→ WORK INSTRUCTION
Reproduce the complete set of records exactly. No picture is to appear in the copy.
======== PROVIDED DATA
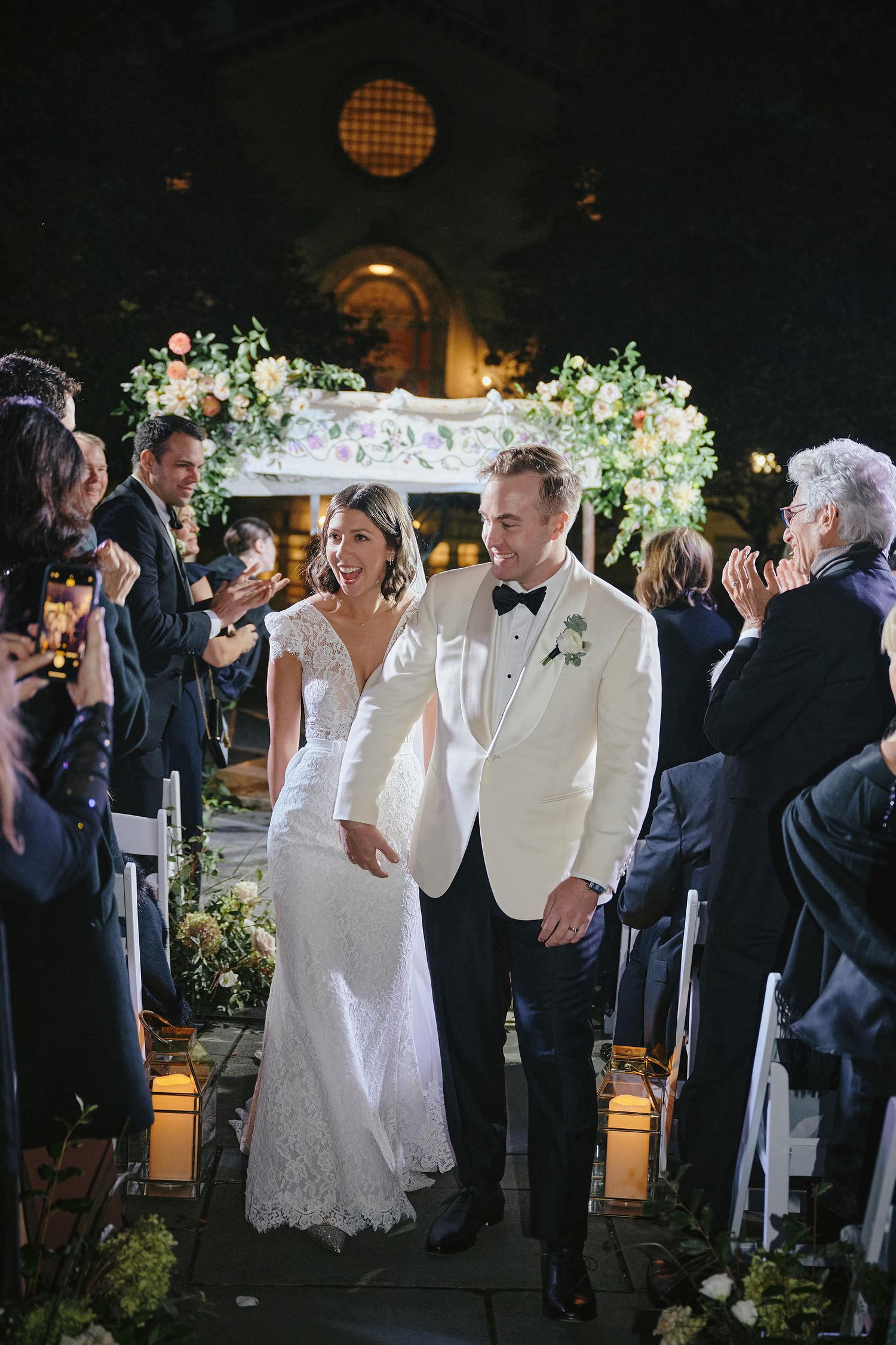 A romantic wedding ceremony in a dimly lit venue decorated with elegant floral arrangements and lanterns along the aisle.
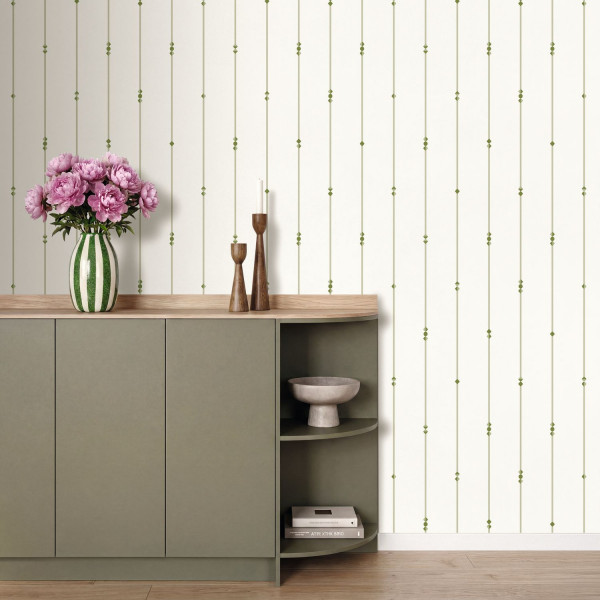 Feine grüne Linien auf heller Wand hinter einer Kommode mit rosa Blumen.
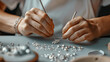 © Oranuch - Closeup of a jewelry maker at work, symbolizing fine arts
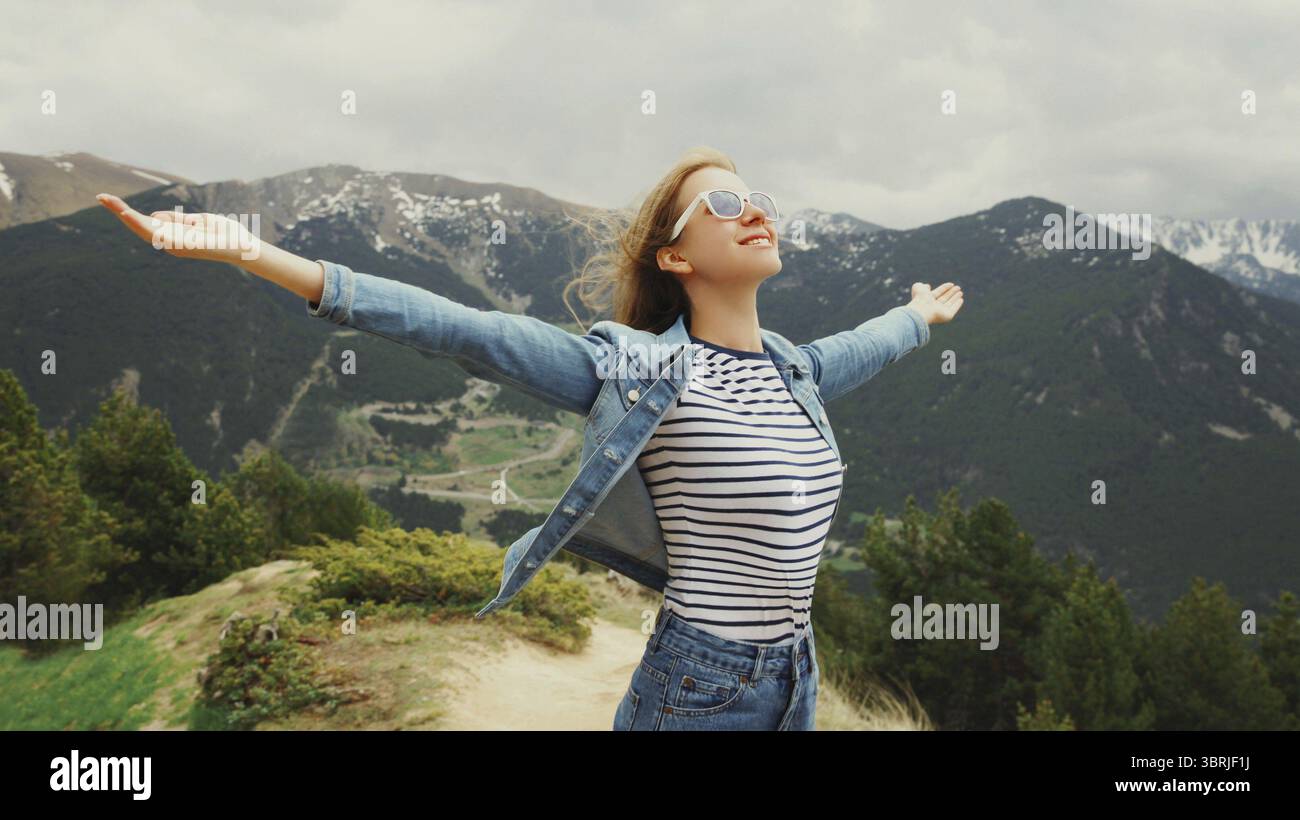 Frau, die frische Luft genießt und ihre Hände vor Andorra-Hintergrund hochhebt Stockfoto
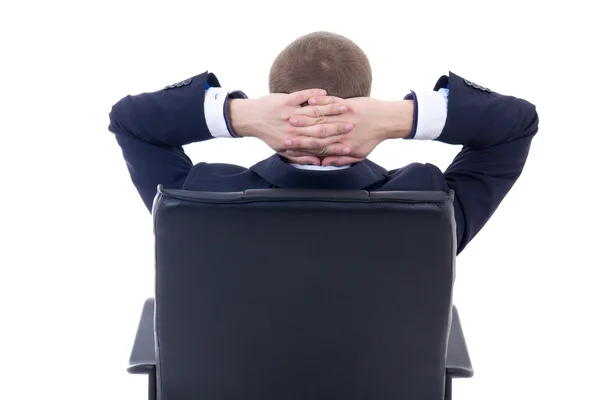 Vista posterior de hombre de negocios sentado en la silla de la oficina aislada en wh —  Fotos de Stock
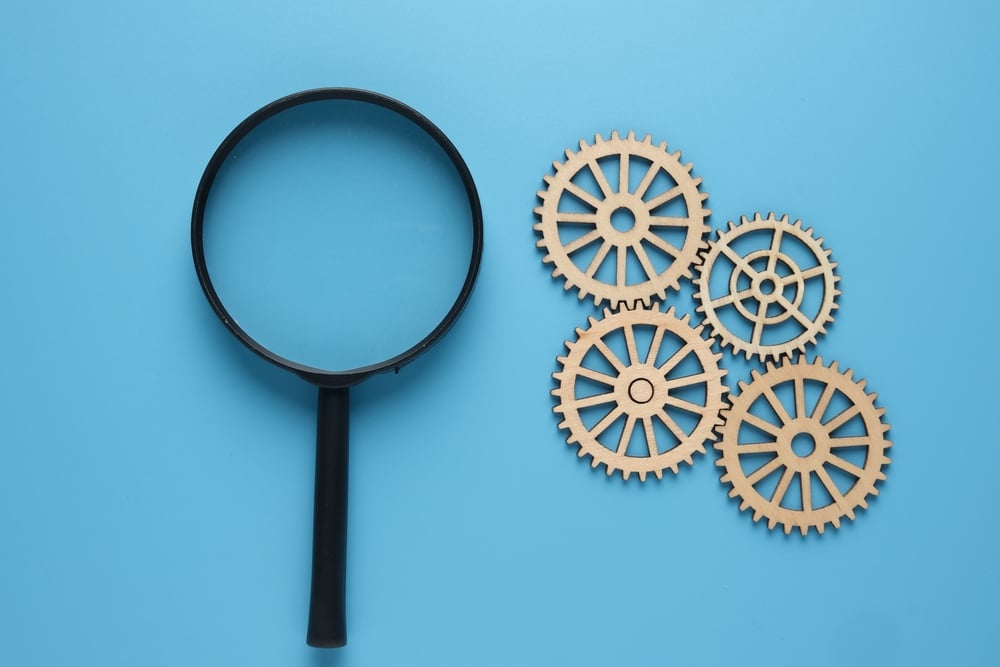 A picture of magnifying glass with arrange gear on blue background. Technical and performance analysis concept.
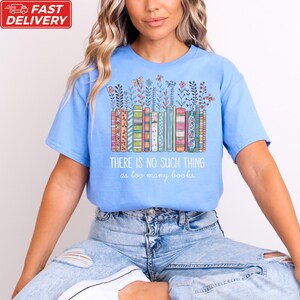 A woman wearing a blue t-shirt with a colorful graphic design of books and flowers, along with the text "THERE IS NO SUCH THING as too many books" printed on it.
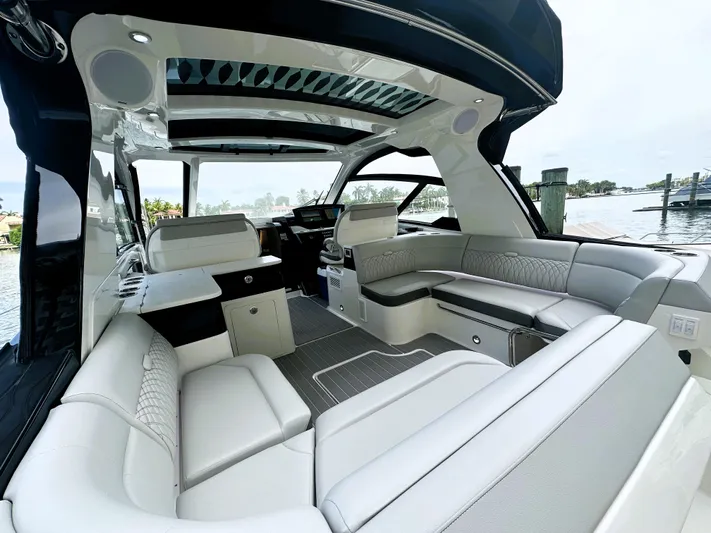 37 Sea Ray Sundancer Ob 2023 Yacht Photos Pics Luxurious interior of 2023 Sea Ray Sundancer 370 OB yacht with elegant seating and modern design.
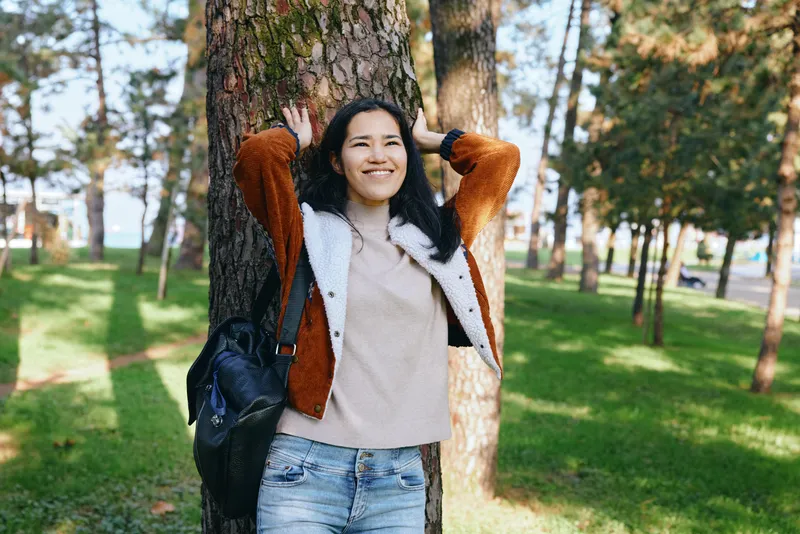 Woman leaning against a tree in a sunlit park, smiling, wearing a brown jacket and sweater, casual denim, backpack on shoulder, enjoying nature and fresh air during a relaxed outdoor moment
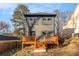 Two-story home featuring a wooden deck, neutral siding, and black-framed windows at 2058 Detroit Nw Ave, Atlanta, GA 30314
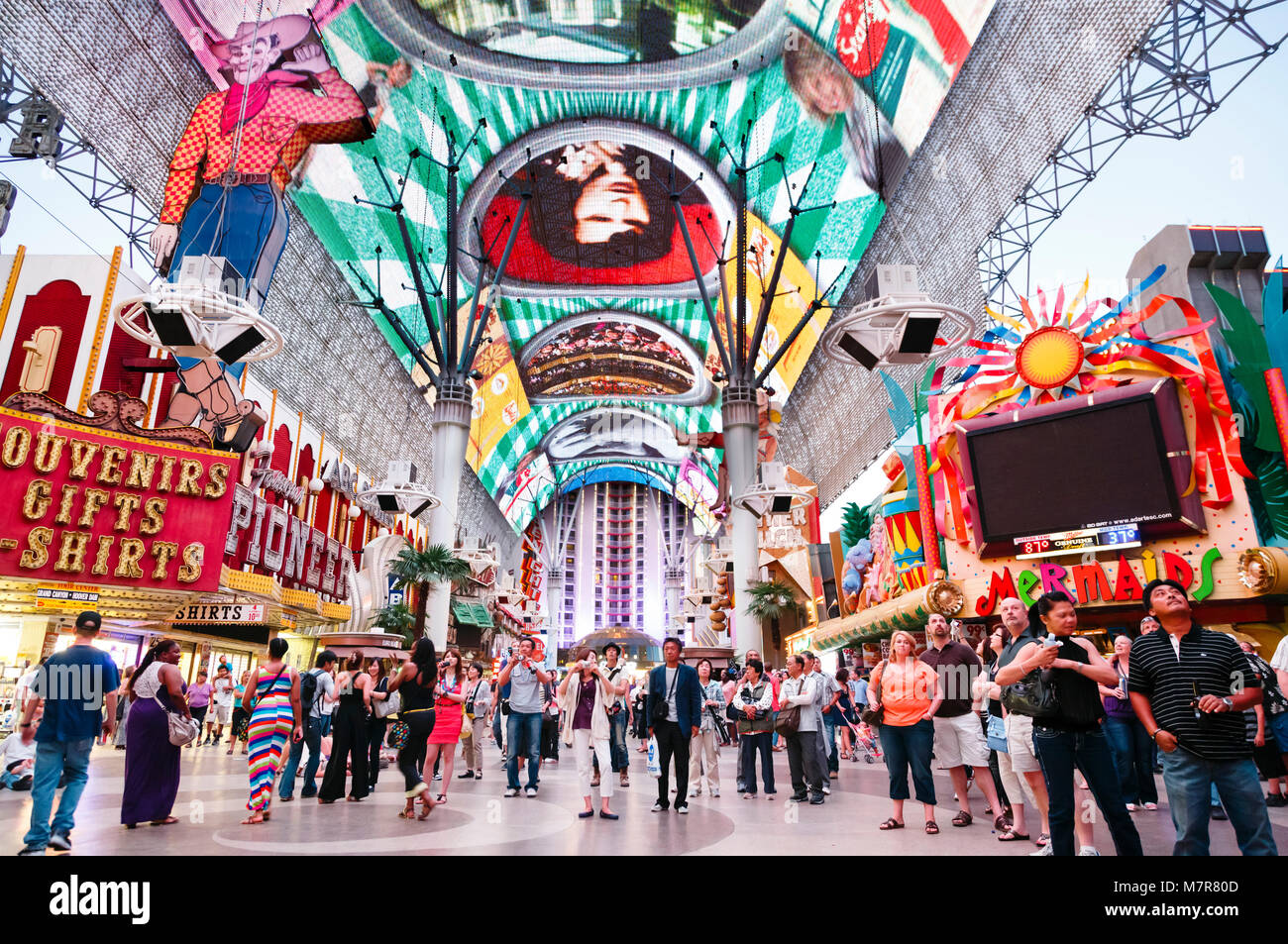 Las Vegas, USA - May 19, 2012. Tourists outside the Pioneer Cowboy Vegas Vic neon sign watch the Fremont Street Experience light show, Fremont Street Stock Photo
================
→ RESPONSE AREA
 A romantic wedding ceremony in a dimly lit venue decorated with elegant floral arrangements and lanterns along the aisle.
 Feine grüne Linien auf heller Wand hinter einer Kommode mit rosa Blumen.
 © Oranuch - Closeup of a jewelry maker at work, symbolizing fine arts
 Frau, die frische Luft genießt und ihre Hände vor Andorra-Hintergrund hochhebt Stockfoto
 Vista posterior de hombre de negocios sentado en la silla de la oficina aislada en wh —  Fotos de Stock
 A picture of magnifying glass with arrange gear on blue background. Technical and performance analysis concept.
 A woman wearing a blue t-shirt with a colorful graphic design of books and flowers, along with the text "THERE IS NO SUCH THING as too many books" printed on it.
 37 Sea Ray Sundancer Ob 2023 Yacht Photos Pics Luxurious interior of 2023 Sea Ray Sundancer 370 OB yacht with elegant seating and modern design.
 Woman leaning against a tree in a sunlit park, smiling, wearing a brown jacket and sweater, casual denim, backpack on shoulder, enjoying nature and fresh air during a relaxed outdoor moment
 Two-story home featuring a wooden deck, neutral siding, and black-framed windows at 2058 Detroit Nw Ave, Atlanta, GA 30314
 Las Vegas, USA - May 19, 2012. Tourists outside the Pioneer Cowboy Vegas Vic neon sign watch the Fremont Street Experience light show, Fremont Street Stock Photo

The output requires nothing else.